Forgive me for my examples, but our desire to have these immediate rewards is partly why we are so impatient with time.
You might be able to satisfy the temporary highs of getting junk food in a hurry, or find something to help you blow your load when you’re feeling bored, but there are some things in life that you do have to wait for.
Some of the best parts of life surely come when we aren’t even planning them, or ordering them on demand.
Blossom gently settling in your hair as you sit under a tree in the spring. Looking up at the night sky and spotting your favourite constellation. The bear hug you get from your favourite person when you’ve had a shitty day. Running through a pile of crisp autumn leaves.
I’m making more of an effort to remember and value these micro moments, rather than constantly seeking the big “exciting” things, that we often put on a pedestal. The sad reality is that we set our expectations too high, so these bigger events and moments leave us feeling a bit shortchanged – but we forget about this quickly as we go to plan the next big thing.
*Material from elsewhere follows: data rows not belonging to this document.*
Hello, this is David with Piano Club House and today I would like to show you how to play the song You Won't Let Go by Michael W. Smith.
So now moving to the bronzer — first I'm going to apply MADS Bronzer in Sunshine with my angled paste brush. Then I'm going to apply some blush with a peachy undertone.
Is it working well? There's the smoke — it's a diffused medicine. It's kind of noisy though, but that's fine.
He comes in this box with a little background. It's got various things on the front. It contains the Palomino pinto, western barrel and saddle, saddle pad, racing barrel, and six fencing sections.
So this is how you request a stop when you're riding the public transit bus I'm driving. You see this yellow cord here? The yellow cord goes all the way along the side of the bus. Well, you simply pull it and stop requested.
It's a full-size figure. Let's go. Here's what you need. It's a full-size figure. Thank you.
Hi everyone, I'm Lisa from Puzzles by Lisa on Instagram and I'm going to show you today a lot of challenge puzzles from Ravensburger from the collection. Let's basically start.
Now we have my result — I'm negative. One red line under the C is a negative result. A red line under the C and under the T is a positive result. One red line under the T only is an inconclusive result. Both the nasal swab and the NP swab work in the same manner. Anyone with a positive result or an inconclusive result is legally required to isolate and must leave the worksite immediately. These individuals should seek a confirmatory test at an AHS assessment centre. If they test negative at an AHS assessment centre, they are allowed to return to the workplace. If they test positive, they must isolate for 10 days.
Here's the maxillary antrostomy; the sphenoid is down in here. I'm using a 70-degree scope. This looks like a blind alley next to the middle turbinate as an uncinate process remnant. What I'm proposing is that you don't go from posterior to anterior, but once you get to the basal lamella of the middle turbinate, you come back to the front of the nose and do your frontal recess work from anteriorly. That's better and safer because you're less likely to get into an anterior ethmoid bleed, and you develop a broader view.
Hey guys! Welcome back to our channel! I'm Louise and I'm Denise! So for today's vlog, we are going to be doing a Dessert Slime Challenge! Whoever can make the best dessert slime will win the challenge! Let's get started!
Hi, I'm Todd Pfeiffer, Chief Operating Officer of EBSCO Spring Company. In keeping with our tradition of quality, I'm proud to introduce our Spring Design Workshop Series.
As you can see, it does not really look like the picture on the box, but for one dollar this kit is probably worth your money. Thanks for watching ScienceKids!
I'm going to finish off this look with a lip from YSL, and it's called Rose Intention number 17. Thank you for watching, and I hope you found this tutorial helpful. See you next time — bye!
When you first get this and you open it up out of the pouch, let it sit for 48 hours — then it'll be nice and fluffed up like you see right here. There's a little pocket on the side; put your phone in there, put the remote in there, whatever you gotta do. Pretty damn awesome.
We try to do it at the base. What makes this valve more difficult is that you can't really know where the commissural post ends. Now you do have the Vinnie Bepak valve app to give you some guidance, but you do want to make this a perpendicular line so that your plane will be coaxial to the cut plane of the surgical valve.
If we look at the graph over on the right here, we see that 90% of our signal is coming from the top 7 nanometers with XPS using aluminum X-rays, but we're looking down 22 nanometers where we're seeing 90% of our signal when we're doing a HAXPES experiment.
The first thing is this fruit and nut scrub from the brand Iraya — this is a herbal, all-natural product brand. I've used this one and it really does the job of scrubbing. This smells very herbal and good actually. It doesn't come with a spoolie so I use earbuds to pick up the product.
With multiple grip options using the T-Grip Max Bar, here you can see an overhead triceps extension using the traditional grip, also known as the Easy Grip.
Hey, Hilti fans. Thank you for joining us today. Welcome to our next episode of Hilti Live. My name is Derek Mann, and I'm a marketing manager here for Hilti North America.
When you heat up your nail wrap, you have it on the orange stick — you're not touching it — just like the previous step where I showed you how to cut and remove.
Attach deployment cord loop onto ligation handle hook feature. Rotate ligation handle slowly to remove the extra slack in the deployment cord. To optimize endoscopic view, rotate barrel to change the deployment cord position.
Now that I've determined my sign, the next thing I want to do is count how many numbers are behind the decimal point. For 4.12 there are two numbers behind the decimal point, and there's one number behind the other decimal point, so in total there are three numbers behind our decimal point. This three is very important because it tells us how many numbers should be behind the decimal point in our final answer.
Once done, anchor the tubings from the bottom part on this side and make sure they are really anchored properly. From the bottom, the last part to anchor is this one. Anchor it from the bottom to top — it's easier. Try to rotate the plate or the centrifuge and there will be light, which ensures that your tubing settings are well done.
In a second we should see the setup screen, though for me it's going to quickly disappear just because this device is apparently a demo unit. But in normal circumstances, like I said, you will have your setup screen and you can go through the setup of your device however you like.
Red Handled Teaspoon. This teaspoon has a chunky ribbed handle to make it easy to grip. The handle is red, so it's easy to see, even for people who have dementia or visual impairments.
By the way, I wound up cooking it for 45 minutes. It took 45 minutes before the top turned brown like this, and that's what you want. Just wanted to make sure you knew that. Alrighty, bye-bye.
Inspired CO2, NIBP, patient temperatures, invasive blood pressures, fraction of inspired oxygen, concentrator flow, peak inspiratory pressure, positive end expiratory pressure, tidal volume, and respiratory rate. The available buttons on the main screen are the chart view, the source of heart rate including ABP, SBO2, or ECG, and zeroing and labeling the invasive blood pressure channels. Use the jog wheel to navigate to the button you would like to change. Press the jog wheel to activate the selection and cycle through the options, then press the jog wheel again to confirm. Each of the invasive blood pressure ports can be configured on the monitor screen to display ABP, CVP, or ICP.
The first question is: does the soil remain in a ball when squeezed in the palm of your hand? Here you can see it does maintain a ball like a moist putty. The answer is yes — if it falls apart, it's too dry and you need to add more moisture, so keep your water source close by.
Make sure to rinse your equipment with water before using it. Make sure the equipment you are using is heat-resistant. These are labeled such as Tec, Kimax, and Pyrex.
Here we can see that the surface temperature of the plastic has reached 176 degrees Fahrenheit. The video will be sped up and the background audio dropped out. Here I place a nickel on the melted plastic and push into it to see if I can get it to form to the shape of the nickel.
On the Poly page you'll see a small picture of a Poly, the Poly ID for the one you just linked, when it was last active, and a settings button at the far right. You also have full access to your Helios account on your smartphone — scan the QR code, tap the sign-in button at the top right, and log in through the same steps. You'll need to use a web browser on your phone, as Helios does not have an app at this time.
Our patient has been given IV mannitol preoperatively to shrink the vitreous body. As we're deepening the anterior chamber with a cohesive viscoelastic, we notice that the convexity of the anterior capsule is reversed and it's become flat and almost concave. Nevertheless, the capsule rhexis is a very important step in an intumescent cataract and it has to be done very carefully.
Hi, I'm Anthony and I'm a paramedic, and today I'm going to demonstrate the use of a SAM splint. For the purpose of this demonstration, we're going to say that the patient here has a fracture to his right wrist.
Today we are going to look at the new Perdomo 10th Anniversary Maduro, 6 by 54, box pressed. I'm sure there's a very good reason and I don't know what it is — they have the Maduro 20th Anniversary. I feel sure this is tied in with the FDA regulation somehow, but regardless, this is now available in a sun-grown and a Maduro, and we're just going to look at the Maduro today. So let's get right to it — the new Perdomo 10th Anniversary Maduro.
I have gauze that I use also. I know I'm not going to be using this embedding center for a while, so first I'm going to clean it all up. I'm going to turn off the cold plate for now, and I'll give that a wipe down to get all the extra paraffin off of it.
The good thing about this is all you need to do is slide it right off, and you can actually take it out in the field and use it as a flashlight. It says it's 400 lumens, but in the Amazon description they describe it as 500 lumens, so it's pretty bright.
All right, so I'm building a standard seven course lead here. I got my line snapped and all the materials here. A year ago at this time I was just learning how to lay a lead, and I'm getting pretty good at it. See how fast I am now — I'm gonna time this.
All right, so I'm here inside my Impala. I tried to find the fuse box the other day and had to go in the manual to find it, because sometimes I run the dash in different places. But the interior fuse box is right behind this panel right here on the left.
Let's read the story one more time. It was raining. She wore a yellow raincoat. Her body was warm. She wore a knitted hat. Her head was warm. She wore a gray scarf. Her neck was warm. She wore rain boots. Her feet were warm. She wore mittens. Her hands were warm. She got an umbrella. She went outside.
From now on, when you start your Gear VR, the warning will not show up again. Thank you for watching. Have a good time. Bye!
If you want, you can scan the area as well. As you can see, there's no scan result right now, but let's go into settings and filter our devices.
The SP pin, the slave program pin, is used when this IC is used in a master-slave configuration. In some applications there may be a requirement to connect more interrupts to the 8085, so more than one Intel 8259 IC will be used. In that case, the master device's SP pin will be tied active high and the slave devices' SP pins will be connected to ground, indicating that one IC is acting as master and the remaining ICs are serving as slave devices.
There is an inevitability about life, that it ends in death. So it makes sense that we want to fill it with as many awesome experiences as we can whilst we’re walking with the living.
But maybe we don’t need to engineer as many moments as we think we do to be “happy” (whatever that actually means).
Learning to just “be” isn’t easy. It isn’t something many of us are used to. But by practising the concept, we may find more satisfaction with the simple things.
And no. I am not a boring bitch who is saying never book a holiday, or plan a big party. But by understanding that a ‘once in a lifetime’ trip isn’t the ultimate path to happiness, and respecting that there will be a mix of positive and negative experiences, thoughts and emotions associated with it, you can take it off its pedestal.
By making your expectations for the reward of an experience more realistic, you may find you can enjoy it more for what it actually is, and not feel crushing disappointment if it isn’t everything that you dreamed it would be.
There are many benefits that come with the passing of time, if we allow ourselves to move forward, whilst appreciating that the time we have here isn’t endless.
We might as well value our limited minutes and hours whilst we have the chance.